Adam Sandler and Rosemarie DeWitt in “Men, Women, and Children”

     Sometimes the critics get it wrong. As far as I’m concerned, they’ve got it wrong with “Men, Women, and Children,” the latest drama from director Jason Reitman. They’ve pegged it as an overwrought after-school special on the dangers of technology, porn, and the world wide web. Everyone’s entitled to an opinion, but I think it’s safe to assume that Reitman is aiming for something that will inspire conversation, not reductive conclusions. Granted, we’ve seen sexually-charged suburban ensembles before (American Beauty is an Oscar-winning highlight), but certainly not in the context of America circa 2014. Considering the myriad forms of communication at our fingertips, it’s a strange time to be in love, and this film explores the positive and, yes, negative effects of such a paradigm. Shot in Austin, TX, the story is an examination of both young love and marriage in the internet age, and the cast assembled here suit their individual roles perfectly. Adam Sandler and Rosemarie DeWitt as a sad-sack married couple longing to rekindle that fire, even if it means temporarily breaking the vows they made to one another. Anson Elgort and Kaitlyn Dever as teenagers squirming under the pressure of parental expectations, the former particularly affected by his mother’s recent abandonment, as well as a school bearing down on him for quitting the football team. Jennifer Garner plays Dever’s mother, a draconian technophobe who tracks her daughter’s every movement online, and Dean Norris plays Elgort’s father, a man whose quiet demeanor belies the anger he still bears towards his wife for leaving him and their son. Judy Greer is the woman he unexpectedly takes a shining to, and the mother of a cheerleader who is sorely misguided in her attempts at celebrity online and otherwise.

     Elgort and Dever are the heart and soul of the picture, and Elgort is something of a minor revelation. He’s able to convey so much with very little, at once suggesting anger towards the world he often calls the “pale blue dot” (referencing the book by Carl Sagan), and a yearning for some like-minded kinship. While the two of them represent fragile doves brought together by technology, Allison and Chris are teenagers whose sexual and physical identities have been torn asunder by technology, to the point of anorexia and a hyper-sexual disorder.
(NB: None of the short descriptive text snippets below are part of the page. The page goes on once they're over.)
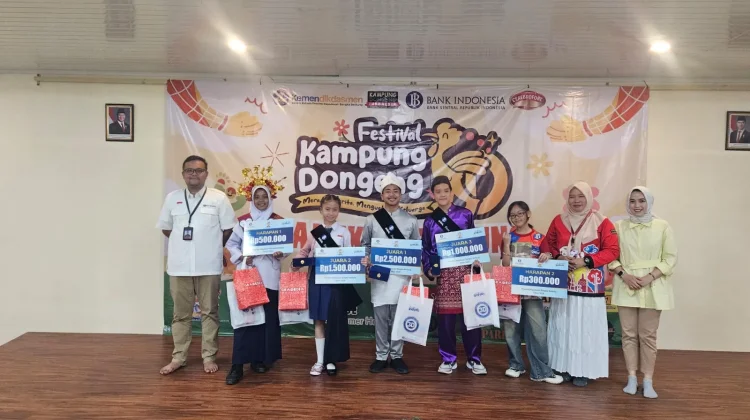 Amsyar Buktikan Dongeng Bisa Jadi Media Edukasi Menarik untuk Anak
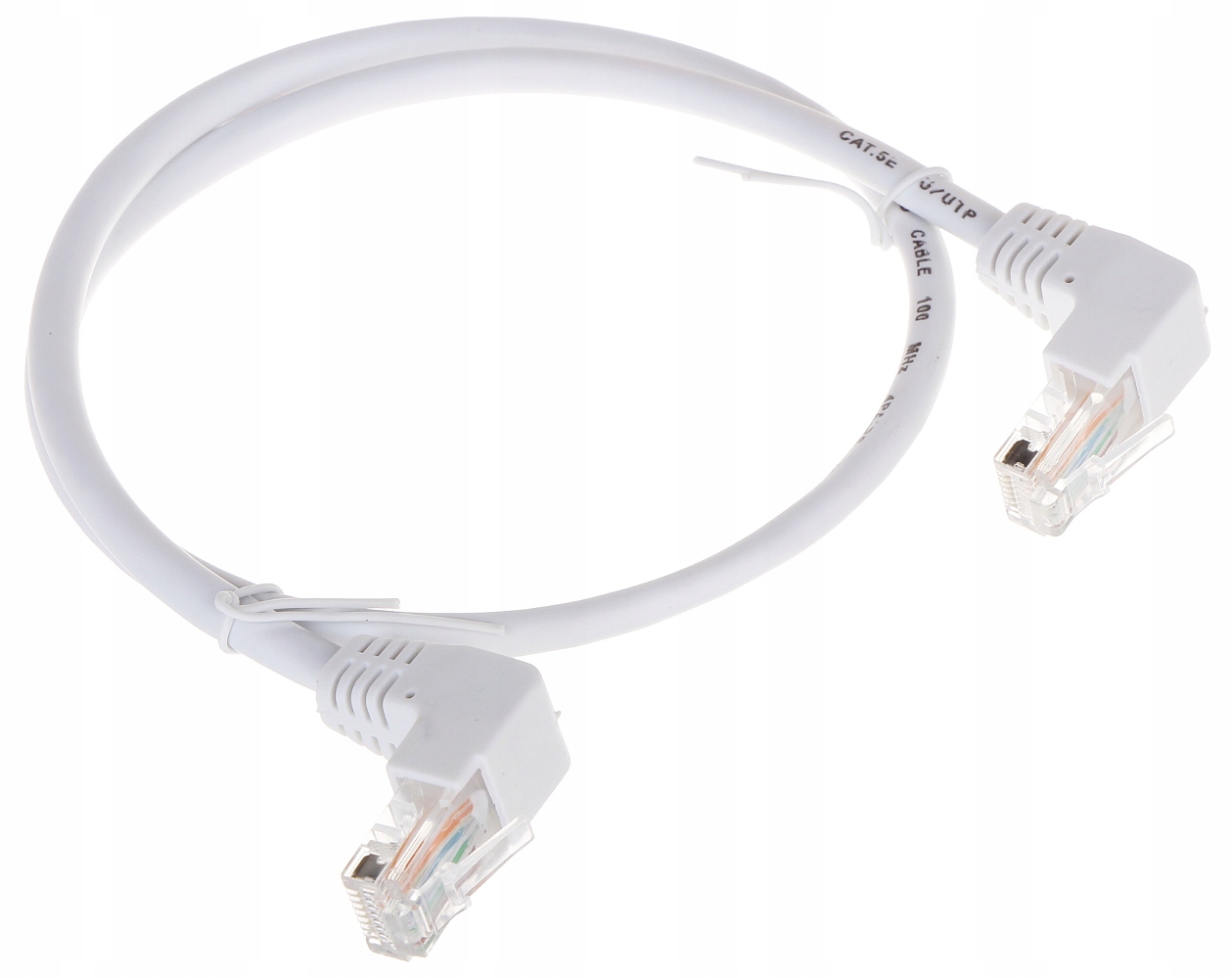

Patchcord RJ45/0.5-KK/W biały kat.5e 0.5m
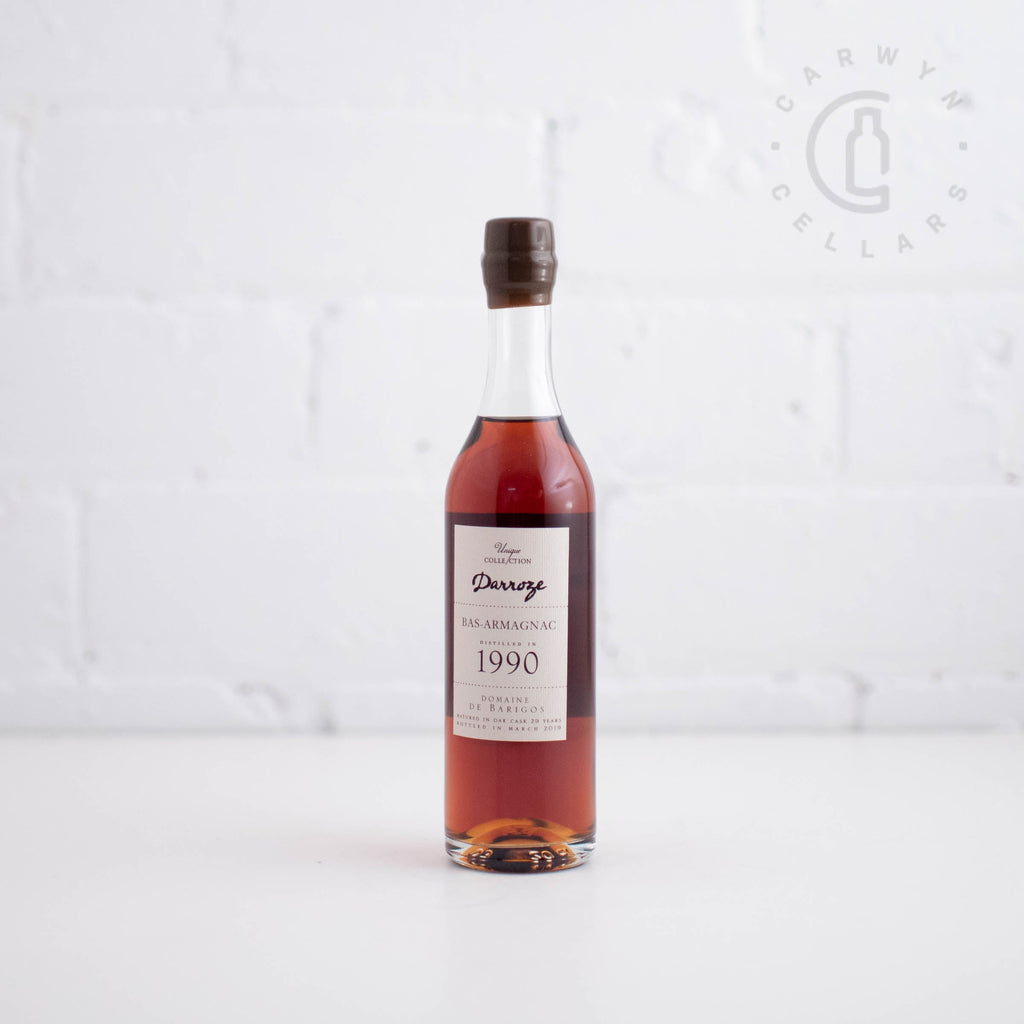 Darroze - Bas Armagnac Domaine de Barigos 1990 200ml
Naturally, Garner’s character eventually threatens the peace of Elgort and Dever’s budding romance in a manner that can only be described as contrived, but that’s an expected occupational hazard when reviewing an ensemble like this, wherein the filmmaker is trying to draw comparisons between a wide swath of characters. While the critics sharpen their knives over a message that doesn’t exist (“technology is bad for us,” they’ve concluded), I point you to Jennifer Garner’s character. She’s terrified of video games, social networking, and the internet age…and her peers make fun of her for it. She’s the catalyst for a climactic slice of melodrama that renders such beliefs as nothing more than fear-mongering. The answer isn’t as easy as “the internet is evil” or “communication is hard.” Smart phones, tablets, computers…these devices have had a tangible and arguably profound effect on the ways in which human beings live and relate to one another, and “Men, Women, and Children” attempts to start a conversation about that. Jason Reitman has succeeded in that regard. Side Note: Narration by Emma Thompson, steeped in philosophy and British annunciation, is a dryly comic reminder of the film “Stranger than Fiction.”